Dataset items

Content starts

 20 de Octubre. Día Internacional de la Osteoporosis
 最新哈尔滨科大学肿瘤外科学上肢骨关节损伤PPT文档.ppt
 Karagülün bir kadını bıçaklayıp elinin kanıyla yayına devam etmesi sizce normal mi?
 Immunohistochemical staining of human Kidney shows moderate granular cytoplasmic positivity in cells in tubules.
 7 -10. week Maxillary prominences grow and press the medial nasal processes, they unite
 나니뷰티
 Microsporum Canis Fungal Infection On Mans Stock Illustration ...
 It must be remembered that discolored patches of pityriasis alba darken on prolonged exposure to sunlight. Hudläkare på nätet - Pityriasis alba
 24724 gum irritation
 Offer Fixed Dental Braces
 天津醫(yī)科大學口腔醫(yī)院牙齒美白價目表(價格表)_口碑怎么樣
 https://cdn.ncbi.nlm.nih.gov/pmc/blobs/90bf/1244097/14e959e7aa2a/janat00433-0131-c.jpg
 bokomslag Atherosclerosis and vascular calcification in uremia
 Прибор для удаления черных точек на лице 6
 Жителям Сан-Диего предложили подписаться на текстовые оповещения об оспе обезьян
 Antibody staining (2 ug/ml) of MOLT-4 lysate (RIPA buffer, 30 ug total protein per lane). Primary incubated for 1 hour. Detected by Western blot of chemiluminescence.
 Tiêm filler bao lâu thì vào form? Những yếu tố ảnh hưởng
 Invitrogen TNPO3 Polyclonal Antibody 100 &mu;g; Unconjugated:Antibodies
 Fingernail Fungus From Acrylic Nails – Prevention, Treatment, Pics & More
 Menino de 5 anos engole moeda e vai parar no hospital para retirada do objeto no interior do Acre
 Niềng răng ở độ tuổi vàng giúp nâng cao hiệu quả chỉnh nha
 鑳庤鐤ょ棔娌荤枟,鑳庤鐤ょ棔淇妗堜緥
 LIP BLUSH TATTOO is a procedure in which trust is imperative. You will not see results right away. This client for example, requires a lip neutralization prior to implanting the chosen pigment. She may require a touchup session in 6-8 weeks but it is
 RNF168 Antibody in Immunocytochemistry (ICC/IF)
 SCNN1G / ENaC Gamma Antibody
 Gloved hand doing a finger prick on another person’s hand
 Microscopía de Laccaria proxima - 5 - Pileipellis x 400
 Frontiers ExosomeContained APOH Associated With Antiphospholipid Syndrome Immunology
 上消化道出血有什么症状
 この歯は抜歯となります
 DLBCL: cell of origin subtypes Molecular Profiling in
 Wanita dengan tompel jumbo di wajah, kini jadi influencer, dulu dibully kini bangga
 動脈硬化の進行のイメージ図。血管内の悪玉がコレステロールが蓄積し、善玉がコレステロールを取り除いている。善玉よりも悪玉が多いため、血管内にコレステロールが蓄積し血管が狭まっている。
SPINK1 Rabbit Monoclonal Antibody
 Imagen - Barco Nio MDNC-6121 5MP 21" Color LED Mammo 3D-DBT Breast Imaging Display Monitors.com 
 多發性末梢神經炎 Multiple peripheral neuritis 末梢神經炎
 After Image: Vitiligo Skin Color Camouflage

Content ends

| Problem to solve |
Please return all lines from the records that hold the word "Antibody".

| Written solution |
 Antibody staining (2 ug/ml) of MOLT-4 lysate (RIPA buffer, 30 ug total protein per lane). Primary incubated for 1 hour. Detected by Western blot of chemiluminescence.
 Invitrogen TNPO3 Polyclonal Antibody 100 &mu;g; Unconjugated:Antibodies
 RNF168 Antibody in Immunocytochemistry (ICC/IF)
 SCNN1G / ENaC Gamma Antibody
SPINK1 Rabbit Monoclonal Antibody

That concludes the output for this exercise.